A second embodiment of the oil pump rotor according to the present invention will now be explained. Structural components identical to those explained above will be assigned the same numeric symbol and an explanation thereof will be omitted.
In the oil pump rotor shown in FIG. 7, the outer teeth 11 of the inner rotor 10 are formed along an envelope described by a generated group of circles having centers positioned on a trochoid curve generated within the limits satisfying the following expressions below, the first of which was also indicated in case of the first embodiment above: 0.15 ≤ n•R/(π•D) ≤ 0.25 and 0.135 ≤ e•n/(π•D) ≤ 0.145 Further, the shape of outer rotor 20 is determined by the shape of inner rotor 10 (FIG. 7 shows the case where e•n/(π•D) = 0.143).
In an oil pump rotor having the structure as described above, inner rotor 10 is driven by means of the rotational axis to which it is affixed. Inner teeth 21 are pushed due to engagement with outer teeth 11, causing subordinate movement of outer rotor 20. When considering a point K₀ a distance 1 from axial center O₁ of inner rotor 10 at which engagement between inner teeth 21 and outer teeth 11 occurs (engagement angle:α₀), the force F with which outer teeth 11 push inner teeth 21 is applied in a vertical direction on the engagement surface I.
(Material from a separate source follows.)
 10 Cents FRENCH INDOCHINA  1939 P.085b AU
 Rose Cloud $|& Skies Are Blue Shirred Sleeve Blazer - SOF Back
This force F may be broken down into a rotational component F₀₁ which is applied along the tangential direction of inner rotor 10 for rotating outer rotor 20, and a slide component F₀₂ which is applied along the radial direction of inner rotor 10 for generating sliding between the teeth surfaces. These may be expressed as follows. F01= F•cosα0 F02= F•sinα0 Based on the preceding, the oil pump rotor shown in FIG. 8 may be provided, wherein outer teeth 11 of inner rotor 10 are formed along an envelope described by a generated group of circles having centers positioned on a trochoid curve generated within the following limits: 0.15 ≤ n•R/(π•D) ≤ 0.25 and e•n/(π•D) < 0.135 In this oil pump rotor, the engagement angle α₁ at engagement point K₁ between outer teeth 11 and inner teeth 21 which is positioned a distance 1 from center axis O₁ of inner rotor 10 is larger than engagement angle α₀ at engagement point K₀. The force F with which outer teeth 11 press inner teeth 21 may be broken down into a rotational component F₁₁ for rotating outer rotor 20 and a slide component F₁₂ for generating sliding between the teeth surfaces. These components may be expressed as follows. F11= F•cosα1 F12= F•sinα1 (FIG. 8 shows the case where e•n/(π•D) = 0.1136).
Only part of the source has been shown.